Week 7 Lab: Training Neural Networks

Overview: In this lab you will be completing the building of pieces of your own neural network. You are not allowed to use any neural network or machine learning libraries to implement this. Use vectorization with numpy instead. The learning outcome for this lab is being able to use numerical differentiation to train a neural network. This is a partner lab.

You may find it helpful to watch the following video series to supplement your understanding of training neural networks, but these are based on symbolic differentiation rather than numeric differentiation:

Instructions

Implement the # FIXME week 7 items in your solution to the week 6 lab. If you did not complete the week 6 lab, talk to your instructor. One of the updates will be to replace the current, hard-coded initial sets of weights and biases by code to generate these using random values. When you are finished, the neural network should work for any dimension inputs and any number of nodes in the single hidden layer (layer 2).

The following input files contain training data for your neural network:

The “Full” file has additional valid game configurations.

The first step is to implement the training algorithm and confirm it works by monitoring the lost function. Use the numerical differentiation method described in class to update the network in update_weights. That is, increase and decrease each weight by a small, fixed amount (such as 0.1) and use feed_forward to determine if that reduces or increases loss (or makes no significant difference). This gives you a matrix of deltas; multiply them by the learning rate and add them to create a new set of weights. Over a number of epochs, the loss should decrease and the accuracy should improve. You are expected to plot the loss function using MatPlotLib to demonstrate that your loss decreases.

You are provided this test file so you can test your code: test_nn.py. This file is not intended to be a comprehensive set of tests, but it should get you going in the right direction. If you aren’t sure why your code isn’t passing a test, feel free to ask the instructor since some of the thresholds are sensitive to implementation details.

Additionally, you are expected to implement a train/test split mechanism for this lab.

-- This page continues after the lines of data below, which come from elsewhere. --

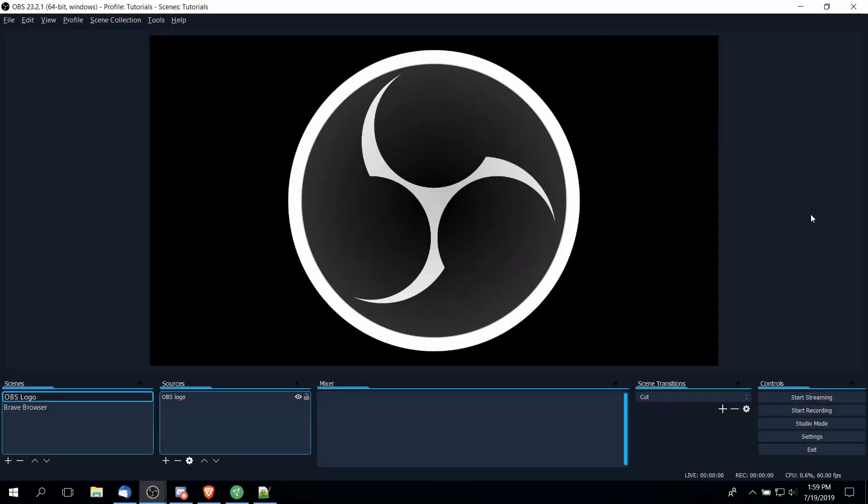So I wanted to take some time to explain the main interface of OBS and what each of these individual sections down here at the bottom are and how they come together in order to provide your video recording or your live stream to sites like YouTube or Twitch.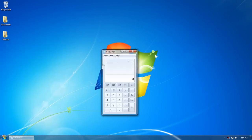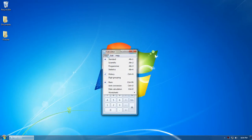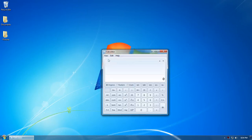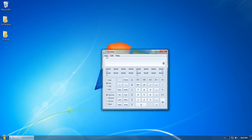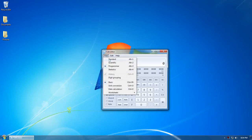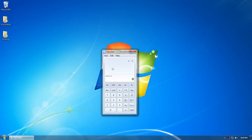This is the standard calculator that appears. In case you want a scientific calculator or any other type, there are four types of calculators pre-installed in Windows: standard, scientific, programmers calculator, and statistics.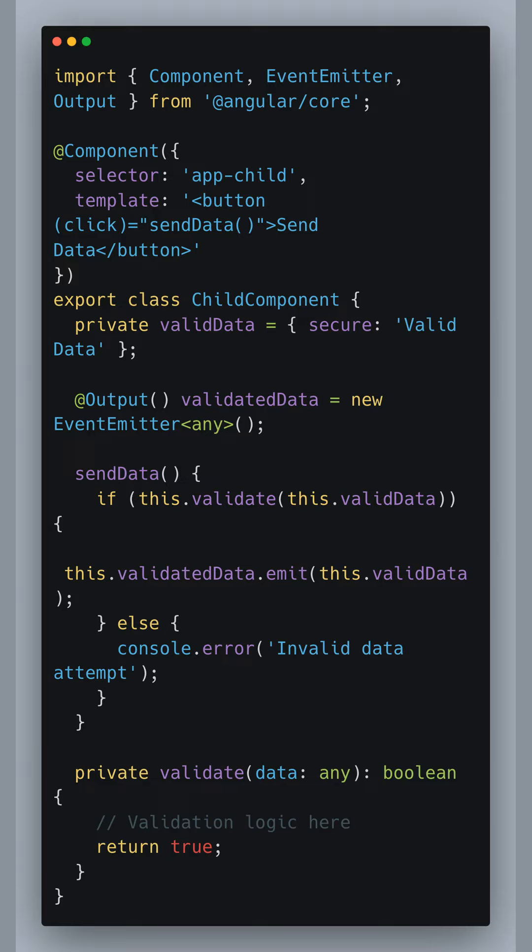Here we have our child component that holds a button which when clicked will attempt to emit some data to a parent component.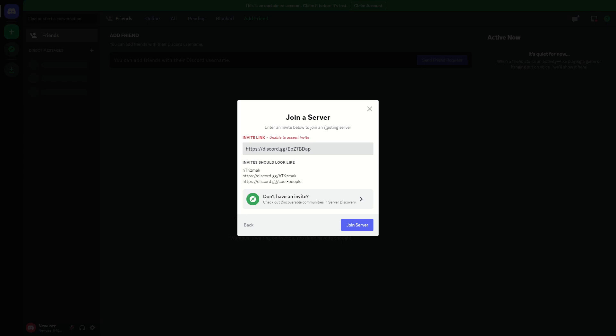And that's pretty much how we can easily fix this problem when being banned from a guild. If this video is helpful, make sure to subscribe and thank you for watching.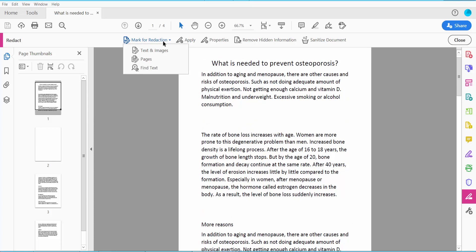Here we can redact three ways: Text and Image, Page Redact, and Find Text. Similar options you can redact at a time.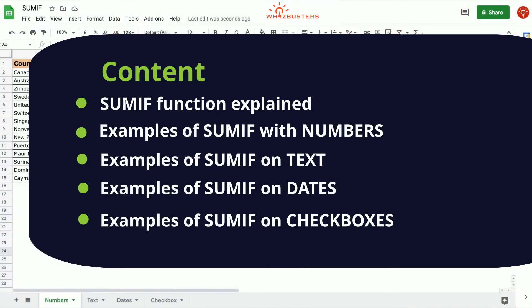Firstly, I will explain the SUMIF function, then look at examples with numbers, thirdly using the SUMIF function on texts, then on dates, and then with checkboxes.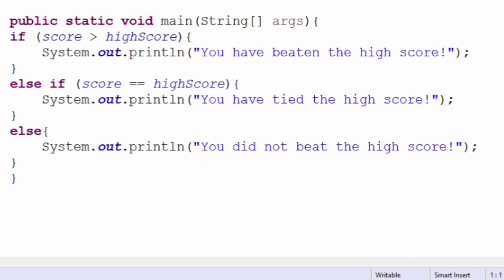For example, you can use this to check if the user has beaten a high score. If the score is larger than the high score, then print: you have beaten the high score. Else if the score was equal to the high score, then print: you have tied the high score. Else print: you did not beat the high score. You can have as many else if statements as you like, but each one costs computing time.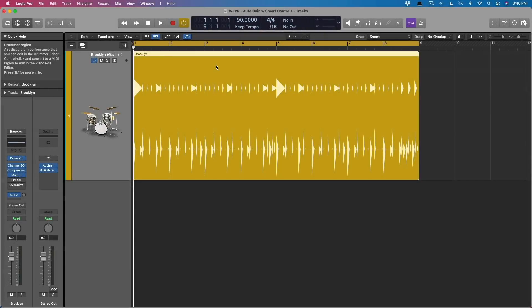Hey friend, Chris Vandenviver here from WhyLogicProRules.com, the website that helps you get the most you can out of Apple's Logic Pro. Today I want to show you how you can use smart controls to automatically compensate for any volume adjustments that might occur from plugins you're using to mix your tracks.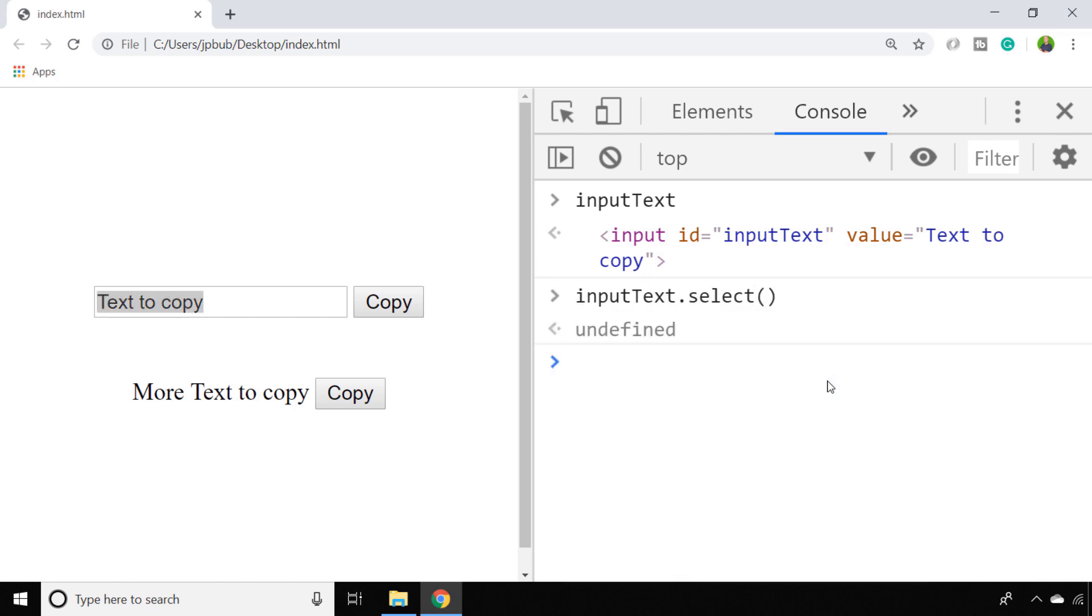So with the text actually selected, the user could use one of their keyboard shortcuts or their mouse to copy the text, but we can run that for them using the execCommand function available on the document object.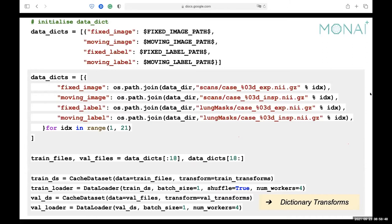We define our data dictionary by linking all the paths. You download the image dataset and link all components to their file paths. We divide our data into two components: the first 18 pairs are used for training and the rest for testing. We combine the data dictionary with transformations to generate our dataset. We use dictionary transforms implemented in MONAI, so the same transformations apply to both image and label — for example, during random affine augmentation, you want image and label to go through the same transformation so they still match.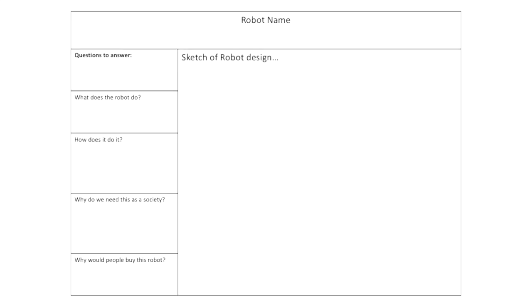So let's take a look at the handout that we're going to use. As you can see, the design challenge requires that you lay out and answer some of the questions on the handout here.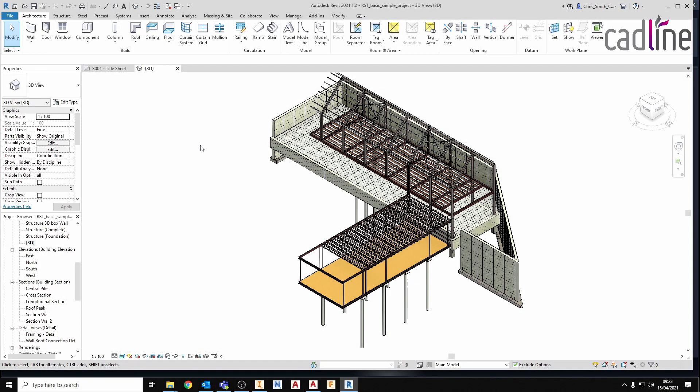Hello, my name is Chris Smith, an applications engineer for CADLINE, and in this video we're going to look at linking your Inventor information with Revit information.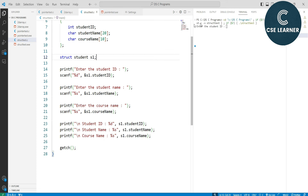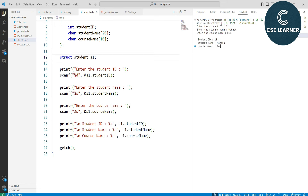For example, we enter student_id as 11, student_name as Mahesh, and course_name as BC. We get the output showing student_id, name Mahesh, and course_name BC. So we read an object and print its variables using values stored in the object.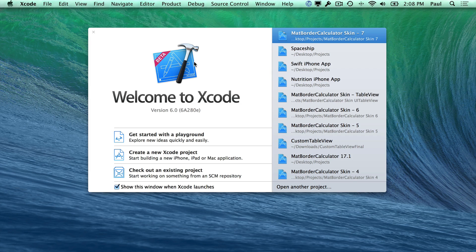Hi, this is Paul Soltz from iPhoneDevTV. We're going to get started with Xcode. I want to do a little overview of how it's going to work.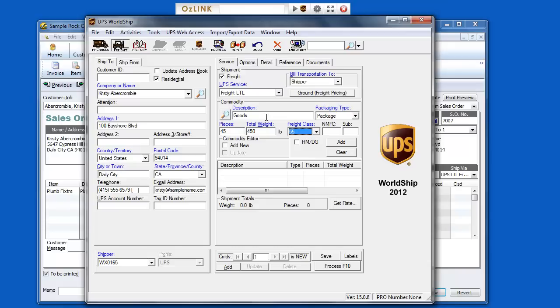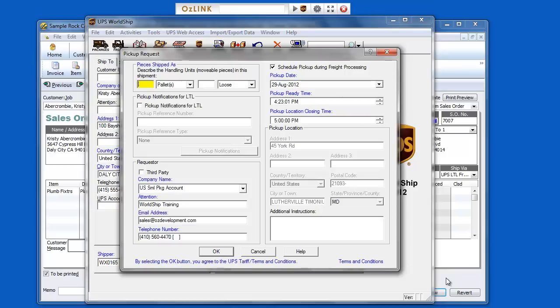And select Process Shipment or press F10. Here I can enter some additional shipment details. In this case, my shipment is going to be shipped within one pallet. And select OK.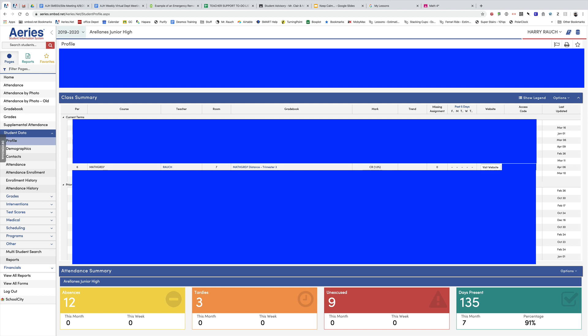You can see right here I've got a student who is in my sixth period class and currently has credit, and I just don't even want to show that much information.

You should run experiments to see the accuracy differences between using a train/test split of 80/20 and 100/0. You should find/choose hyperparameters that show a difference and document the accuracy differences between splitting and not for the various data sets. Note you can use numpy.random.Generator.shuffle shuffle your data and then use that to generate your splits.

Hints

There is code to compute the first derivative of the sigmoid function in the code wee gave you for week 6, but you will likely not use it in this lab.
Experiment first with the logic gate data when testing your updates.
Look at the shape of the arrays!
Note that the weights and biases that your network learns will be very different than the values we provided in lab 6.
A great place to start is to first implement the random initialization of weights, then implement the update code for just the third layer. You should then be able to observe the loss decrease during training. This may make it easier to debug your code.

Submittal

Write a report containing the following:

The names of all lab partners
A screen shot showing your code working on tic-tac-toeFull.csv; use Snip & Sketch or a similar tool to capture the relevant part of the screen. This should include the split of training vs. test data, a MatPLotLib output showing the reduction in loss, and the evaluation of the neural network against the test data.
Evidence of additional runs capturing results against both tic-tac-toe.csv and tic-tac-toeFull.csv. You may find more effective ways to capture results than the full output listed above. The goal is to demonstrate that your NN configuration and implementation are effective.
A short description of how each partner contributed

Convert the report to PDF and upload it and nn.py file to Canvas for grading. Be sure your nn.py file meets your instructor’s standards!